Are gouramis easy to keep?
Every species of gourami is different. Some species, such as the pearl, dwarf, and moonlight gouramis are popular with beginners because of their hardiness. Others, such as the giant gourami need a lot of care that only an experienced fish keeper can give.
Easy is also a subjective word. Some new fish keepers only have the resources to keep small dwarf gouramis while some new keepers may have the means of taking care of a giant gourami right off the bat. Use your best judgment to choose the best gourami for you.
Why are my gouramis changing color?
Color changing may be due to inadequate conditions in your aquarium. For example, in three spotted gourami, their spots may fade due to stress. Test your water to make sure that the temperature, pH, and dH are within the correct levels for your species. If there are too many fish, consider transferring some to a new tank or selling them.
In some species, your gourami may just be maturing. For example, the moonlight gourami gets a light green tint as they mature. This is completely harmless. If your species is not known to change color naturally, look for a different cause.

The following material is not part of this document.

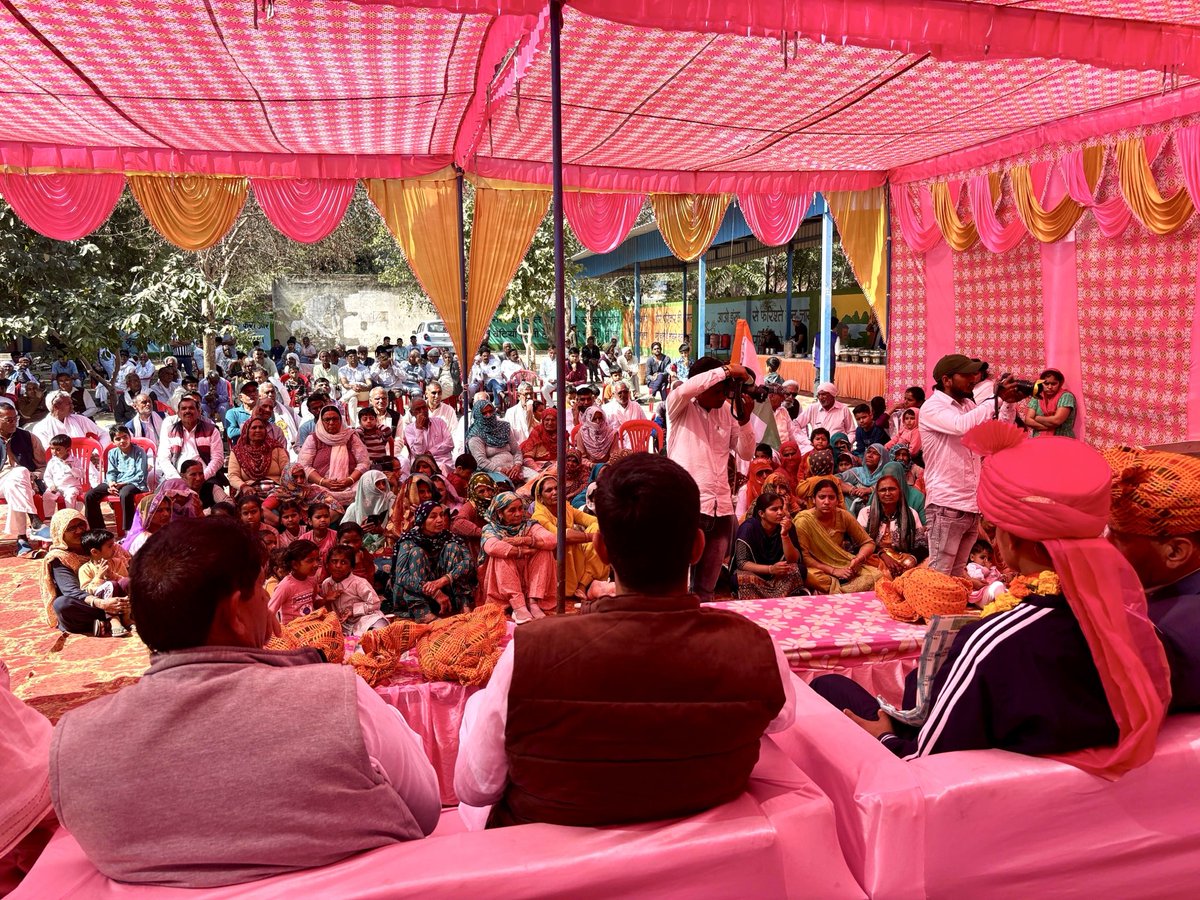 MahadevBalali's tweet photo. हमारे क्षेत्र के गाँव झोजू कलाँ के सूर्या स्वामी ने राष्ट्रीय जूनियर घुड़सवारी प्रतियोगिता में स्वर्ण पदक जीतकर क्षेत्र का नाम रोशन किया।

उनके सम्मान समारोह में जाकर उन्हें सम्मानित किया और सूर्या स्वामी और उनके कोच कप्तान राकेश सांगवान को बधाई व उज्जवल भविष्य की शुभकामनाएँ दी। https://t.co/Bc2Ka0g0mN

It might also be due to disease. For example, dwarf gouramis get duller in color when they get Dwarf Gourami Iridovirus (DGIV). Color changing due to disease will often come with other symptoms, such as lethargy, loss of appetite, tumors, and more.
If you believe that your gourami is changing color due to disease, get them treatment as soon as possible. Move them to a separate tank to keep your other fish safe and get medication.
Gouramis are a fun way to add a splash of color to your aquarium. No matter your skill set or experience, there is a species of gourami for you.
Use this care guide to help give your gourami a great life. Though this article only outlined eight different species, be aware that there are many more species out there to choose from.
Most gouramis require the same care requirements, but it is important to research your particular species before buying one. Your particular species may need something else that other gouramis don’t, or vice versa. Remember that even fish require the same amount of care as any other pet, and only deserves the best care possible.